Kenyans have been given 120 days to submit their views that will form part of considerations to create a CBK-backed digital currency.
CBDC is a national fiat currency in digital form. This means that besides the printed cash, CBK will also issue the electronic equivalent.
CBDC is different from cryptocurrencies such as Bitcoin and Ethereum, meaning the CBK will maintain reserves and deposits to back it up.
“Whilst CBDC offers opportunities to reduce costs associated with digital payments, it also comes with risks particularly related to cybersecurity and unknowns on how it would impact central banks’ core functions of monetary policy, financial stability, and payment systems oversight,” CBK said in the paper.
Experts posit that the use of digital currency will eliminate the cost of printing cash and lower transactions costs. Further, central banks will find it easier to implement monetary policy in real time.
Many central banks have been carefully monitoring the development of CBDC. Africa's largest economy, Nigeria, launched its eNaira digital currency in October, while Ghana is at an advanced stage of launching its e-Cedi.
Studies by the International Monetary Fund (IMF) show that there is reason for governments to consider replacing cash with digital currencies.
Some of the IMF studies mirror many other studies done in Kenya, notably by Financial Sector Deepening (FSD), on the benefits of digital currencies.
“The key elements to be considered by CBK before issuing a CBDC are legal and institutional preconditions.

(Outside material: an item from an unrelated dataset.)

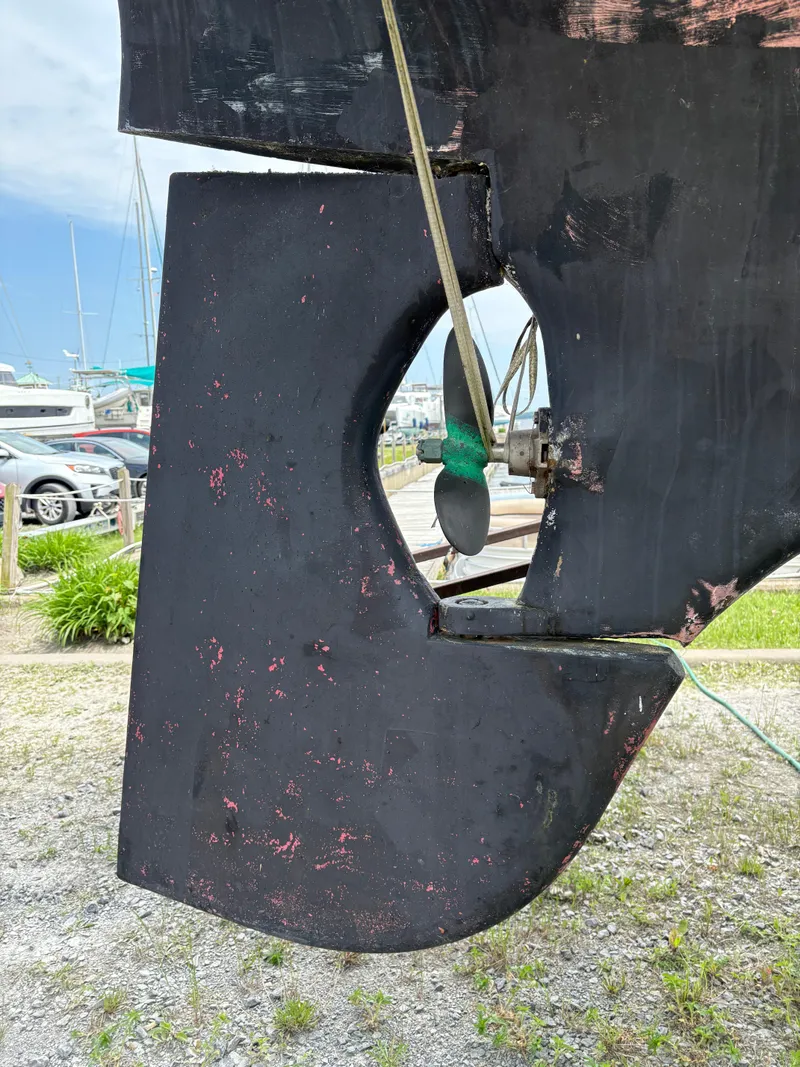 Slide: The Image of Rudder of 1978 Cheoy Lee Off Shore 41 sailboat, showing wear and propeller. - 4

These would include infrastructure, regulatory and supervisory framework, governance and risk management, central bank resources, and central bank legislation,” CBK said.
A recent survey by the Bank for International Settlements on 66 central banks revealed that more than 80 percent are working on CBDCs.
The CBK will now join other countries including the United States, Canada, China, Turkey, and India that are exploring the technology.